Due to the fragmented part of the Earlier Proclamation making a mention of some unsavory things the pharaoh had heard at Thebes, a theory that posits a clash with the priesthood of Amun of Thebes has been put forward by scholars. Barry Kemp argues that the full expression of the beliefs of Akhenaten “demanded the creation of a physical sacred landscape” and that the boundary stelae are “the most extensive personal testimony we have as to what was in his mind”.

==Stelae no longer In Situ==
At least nine of the stelae have been damaged by thieves and one, Stela F, has disappeared altogether. Two others, stelae P and Q, have also been virtually destroyed.

==The Titulary of Aten==
The full title of the god Aten in the Earlier Proclamation is: “the Good God, who rejoices [in Ma’at], Lord of Heaven, Lord of [earth]; the [great living] o[rb who illumi]nates the two banks; (my [?]) Father, The Aten; the great living orb who is in jubilee within the [house] of the Orb in ‘Horizon of the Orb’”.

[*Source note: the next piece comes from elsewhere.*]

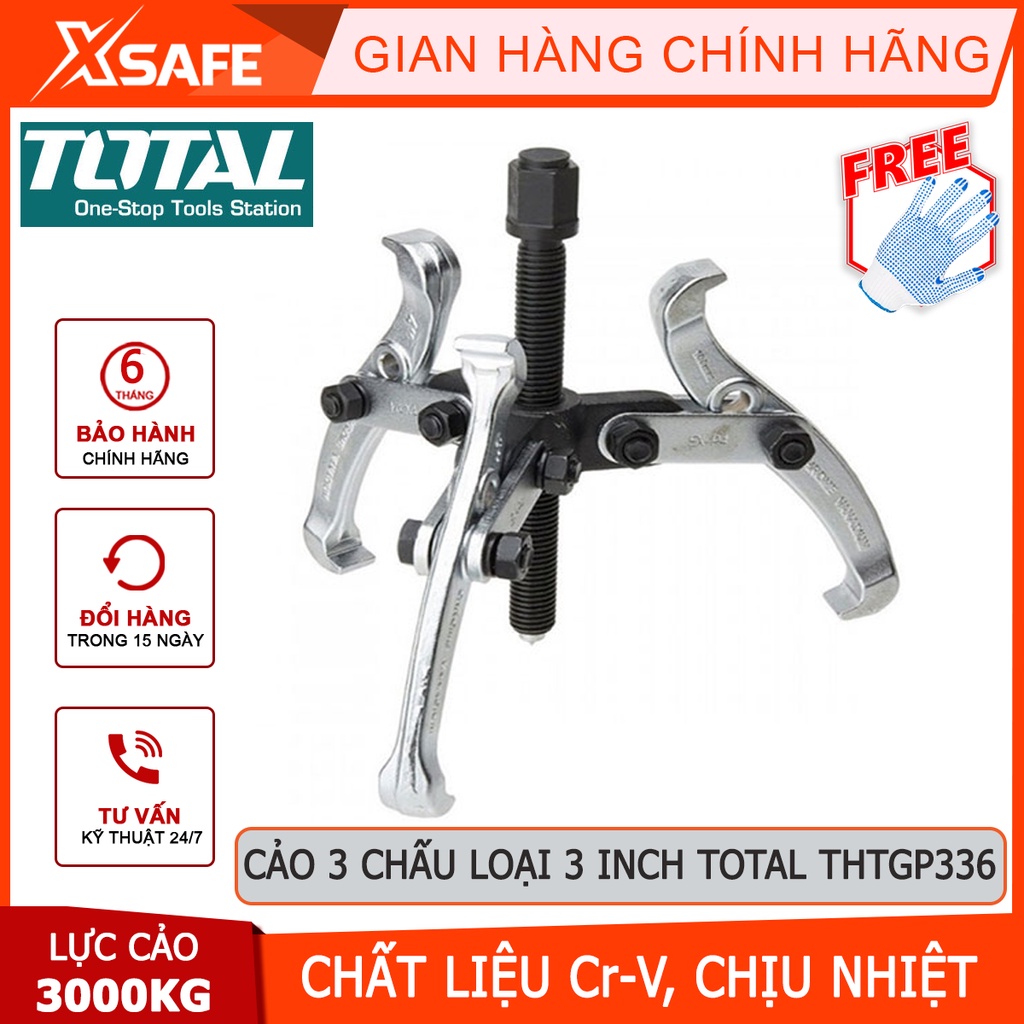 Cảo 3 chấu 3 inch TOTAL THTGP336 | cảo thủy lực Kích thước 3&quot;, Lực cảo tối đa 3000 kg, chất liệu bằng Cr-V, chịu nhiệt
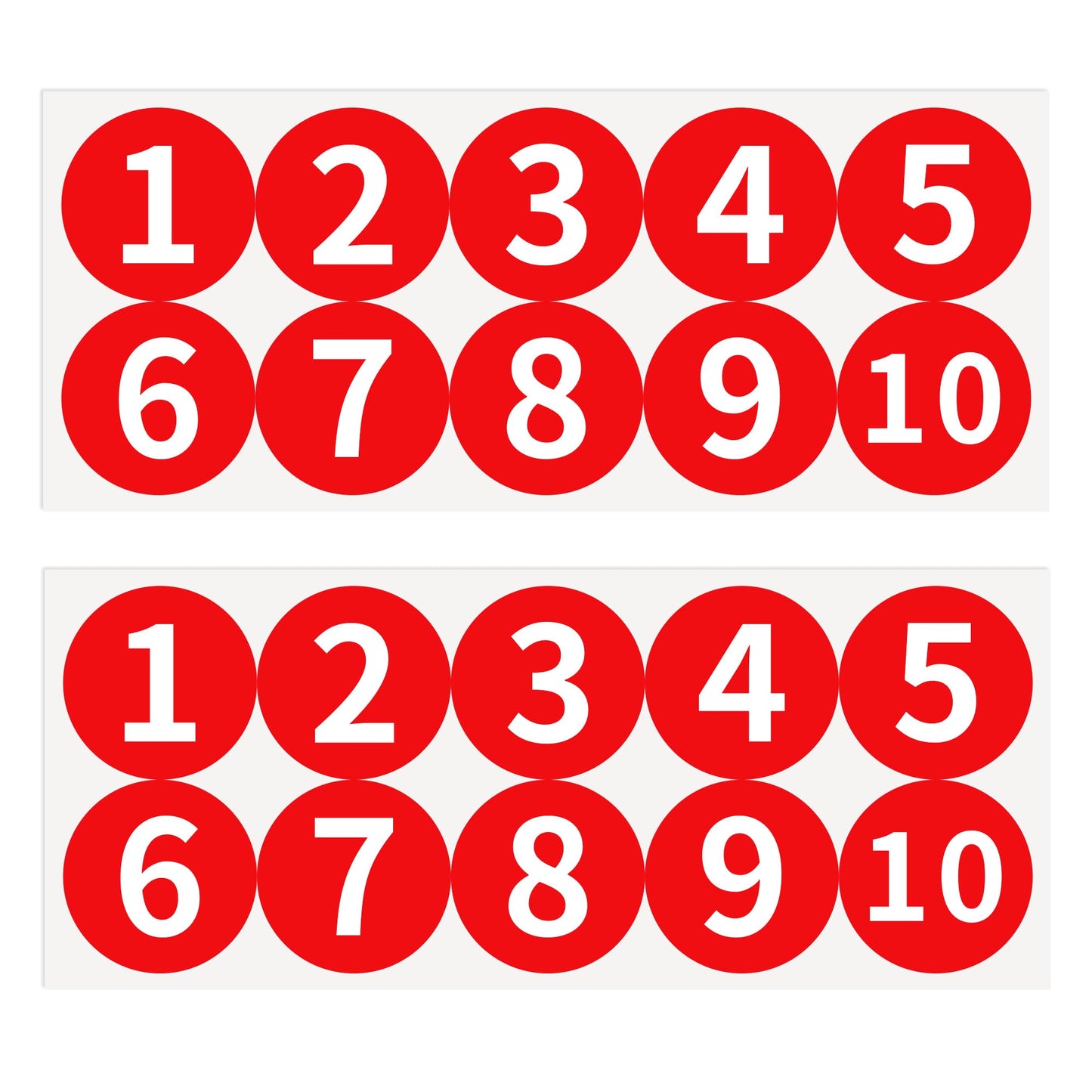 2 Sheets 1-10 Vinyl Numbered Stickers, 1.2 in Self Adhesive Waterproof Number Stickers, Consecutive Thick Number Lable Decals for Factory Machinery, Fitness Equipment, Inventory, Storage,Lockers Red(1-10 2sheets) 1.2IN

The title as given in the Later Proclamation is slightly different and reads: “the Good God who is content with Ma’at, the lord of heaven, the lord of earth, the great living orb who illuminates the Two Banks. Live the (divine, royal) Father, The Aten, given life everlastingly forever, the great living orb who is in jubilee within the estate of the orb in ‘Horizon of the Orb’”.